Active Directory Interview Questions
1. What’s the difference between local, global and universal groups? Domain local groups assign access permissions to global domain groups for local domain resources. Global groups provide access to resources in other trusted domains. Universal groups grant access to resources in all trusted domains.
2. I am trying to create a new universal user group. Why can’t I? Universal groups are allowed only in native-mode Windows Server 2003 environments.
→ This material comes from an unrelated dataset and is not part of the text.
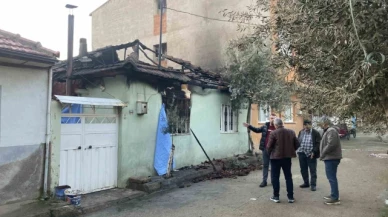 Yaşlı çift çıkan yangında hayatını kaybetti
Native mode requires that all domain controllers be promoted to Windows Server 2003 Active Directory.
3. What is LSDOU? It’s group policy inheritance model, where the policies are applied toLocal machines, Sites, Domains and Organizational Units.
4. Where are group policies stored? %SystemRoot%System32\GroupPolicy
5. What is GPT and GPC? Group policy template and group policy container.
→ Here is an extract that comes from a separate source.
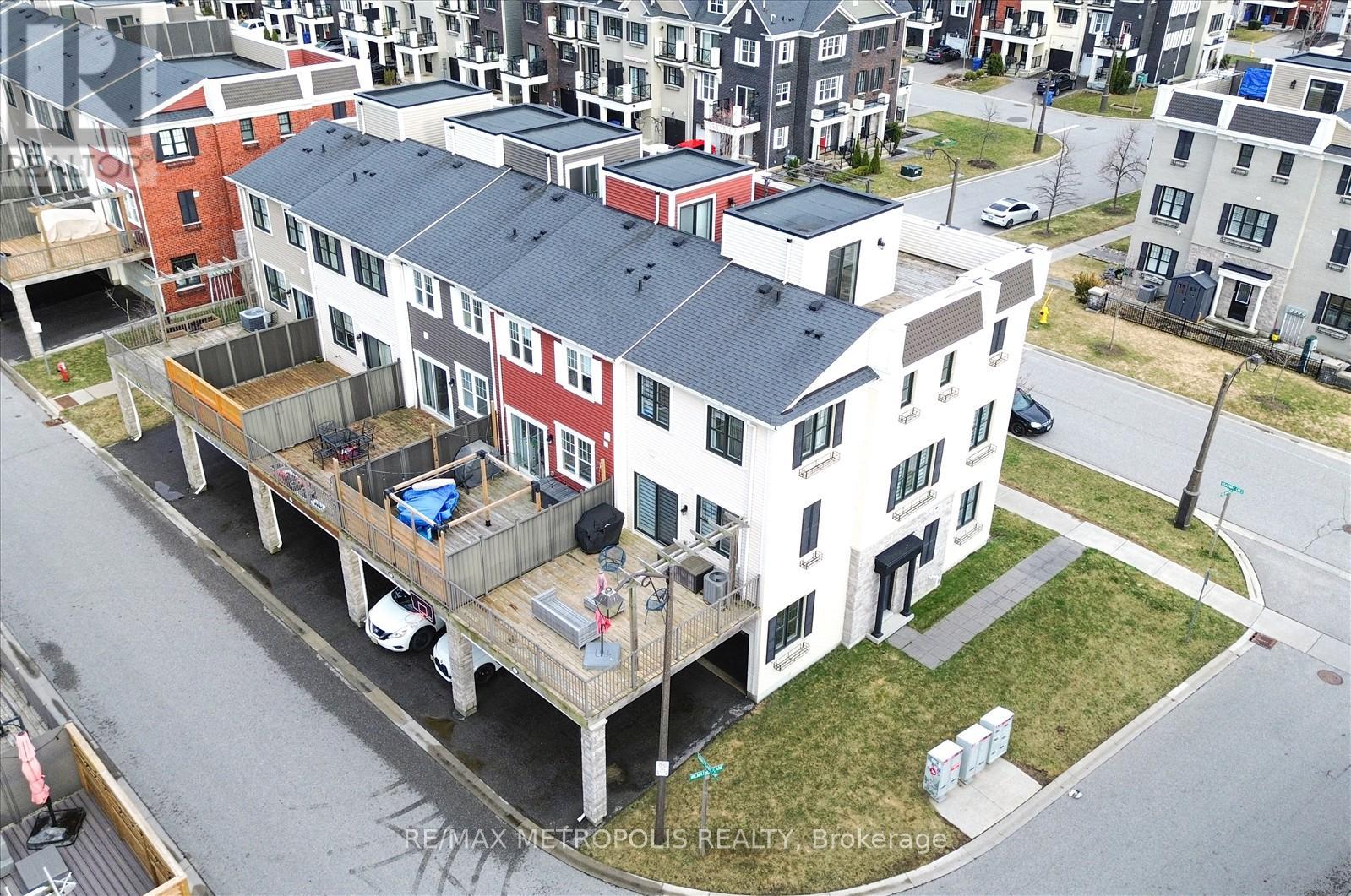 1 BOADWAY CRESCENT, Whitchurch-Stouffville (Stouffville), Ontario, L4A1X9 — Photo 9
6. Where is GPT stored? %SystemRoot%\SYSVOL\sysvol\domainname\Policies\GUID
7. You change the group policies, and now the computer and user settings are in conflict. Which one has the highest priority? The computer settings take priority.
8. How can you restrict running certain applications on a machine? Via group policy, security settings for the group, then Software Restriction Policies.
9. How frequently is the client policy refreshed? 90 minutes.
10. You want to create a new group policy but do not wish to inherit. Make sure you check Block inheritance among the options when creating the policy.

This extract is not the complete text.